Before discussing the foundations, or parameters, that will help us define a new role for the state, it is important to note the following:

  1. The private sector was never able to flourish alone. The most sophisticated private sector inventions would not have taken place without state subsidies or without benefitting from public R&D used for free by companies. The public sector, in a way, shared the costs of innovation but did not share any of the credit.
  2. Globalization had many benefits and positive impacts on the world economy. However, it led to outsourcing the production of goods and services in order to achieve lower costs. Consequently, it weakened many national productive bases and helped external markets. The solution today does not lie in implementing high tariffs and harming international trade but in going back to the original role of the state in supporting production over consumption.
  3. Austerity policies have failed, as data from Greece, Italy, Portugal and most European economies show. They created poverty, left the private sector alone in R&D investment and failed to create the healthy macro-economic environment for growth–although the role of corruption and the lack of ethics cannot be discounted.
  4. A new role for the state should be defined that not only requires governments to ensure stability, but that would allow it to use its budget generously to support R&D that in turn can help businesses innovate and grow. We need to return to an economic framework that focuses on production, entrepreneurship and governance, with stabilization playing a supporting role, not a dominant one.
  5. Standard models assumed decreasing returns to scale and relied therefore on the theory of comparative advantage for growth choices. The production approach relies on the increasing returns to scale and technological change based on innovation. We should replace the Ricardian theory of decreasing returns to scale with Charles Babbage’s theory of increasing returns to scale by investing in R&D and innovation. The importance of human capital to achieve this significant revolution cannot be ignored.
New parameters

Michael Best,1 in his book How Growth Really Happens, posits that societies should focus on the production system, business organization and skill formation to impact economic performance. This is how many East Asian and Latin American countries succeeded during many previous decades. According to Mariana Mazzucato2 in her book The Entrepreneurial State, what stimulates innovation is the entity that takes the boldest risk, that is the state. A new role for the state is required for solid economic growth.

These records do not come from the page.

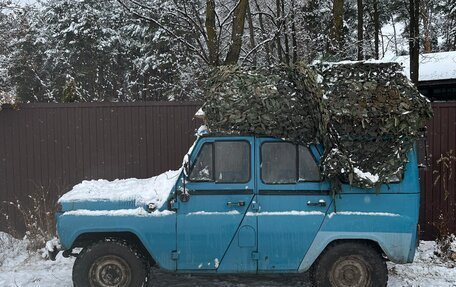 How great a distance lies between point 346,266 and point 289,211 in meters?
0.86

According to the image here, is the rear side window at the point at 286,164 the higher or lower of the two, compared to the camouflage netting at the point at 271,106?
lower

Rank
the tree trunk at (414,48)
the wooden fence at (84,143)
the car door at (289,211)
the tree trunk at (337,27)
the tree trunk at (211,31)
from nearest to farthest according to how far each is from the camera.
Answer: the car door at (289,211) → the wooden fence at (84,143) → the tree trunk at (211,31) → the tree trunk at (337,27) → the tree trunk at (414,48)

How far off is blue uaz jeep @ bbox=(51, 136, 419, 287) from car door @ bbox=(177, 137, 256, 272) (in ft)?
0.03

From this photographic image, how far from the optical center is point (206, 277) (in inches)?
239

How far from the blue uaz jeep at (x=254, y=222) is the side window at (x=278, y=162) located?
0.04 ft

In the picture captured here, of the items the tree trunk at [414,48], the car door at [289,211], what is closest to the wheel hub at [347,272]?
the car door at [289,211]

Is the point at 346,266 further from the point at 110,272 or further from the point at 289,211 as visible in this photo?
the point at 110,272

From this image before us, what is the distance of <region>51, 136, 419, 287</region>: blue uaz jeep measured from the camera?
494 cm

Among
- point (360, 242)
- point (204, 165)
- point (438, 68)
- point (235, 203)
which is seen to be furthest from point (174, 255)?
point (438, 68)

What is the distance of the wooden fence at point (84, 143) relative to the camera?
25.8 ft

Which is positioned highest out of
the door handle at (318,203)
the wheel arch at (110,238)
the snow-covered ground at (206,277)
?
the door handle at (318,203)

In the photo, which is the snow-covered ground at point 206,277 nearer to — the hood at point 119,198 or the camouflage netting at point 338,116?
the hood at point 119,198

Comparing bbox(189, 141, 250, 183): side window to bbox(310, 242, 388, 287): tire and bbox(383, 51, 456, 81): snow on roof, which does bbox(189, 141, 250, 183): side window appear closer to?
bbox(310, 242, 388, 287): tire

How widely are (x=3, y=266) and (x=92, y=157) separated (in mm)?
2189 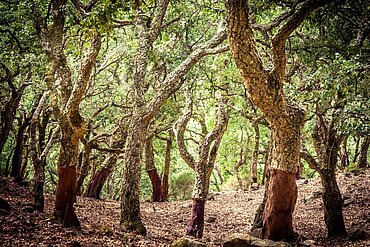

In the Middle East North Africa (MENA) region, the role of the state has varied substantially between the two groups of oil exporters and oil importers. Exporters used much bigger budgets to subsidize the consumption of food, fuel and utilities than to finance local R&D. Now with revenues decreasing because of lower oil prices, budgets have been financing less of both. In the oil importers’ group, budgets have been insufficient to play any significant role in growth. We cannot ignore the impact of corruption and mismanagement in all private and public sectors across the region. The role of the state should be redefined with significant attention to production systems, business organizations and skill formation.

Strong growth cannot happen again without public investment in education, research and technological change. Businesses should also think outside the box. We should remind ourselves of what Keynes said: that public officials should think big. Karl Polanyi wrote that free markets are themselves products of state intervention. We need a mission-driven public sector not a recorder of accounts. As Joseph Schumpeter said: “the capitalist economy is not, and cannot be, stationary.”

Finally, the idea is that we should make governments more competent, smarter and not necessarily smaller. We should promote innovation-led growth. It is well believed that the “Secular Stagnation” or zero growth rates are related to what the State is not doing. We need, as Mazzucato argued, an entrepreneurial role for the public sector.

By Dr. Louis Hobeika, Professor of Economics at Notre Dame University (NDU) Lebanon

 

Endnotes

  1. Best Michael H., How Growth Really Happens, Princeton, 2018.
  2. Mazzucato Mariana, The Entrepreneurial State, Penguin, 2018.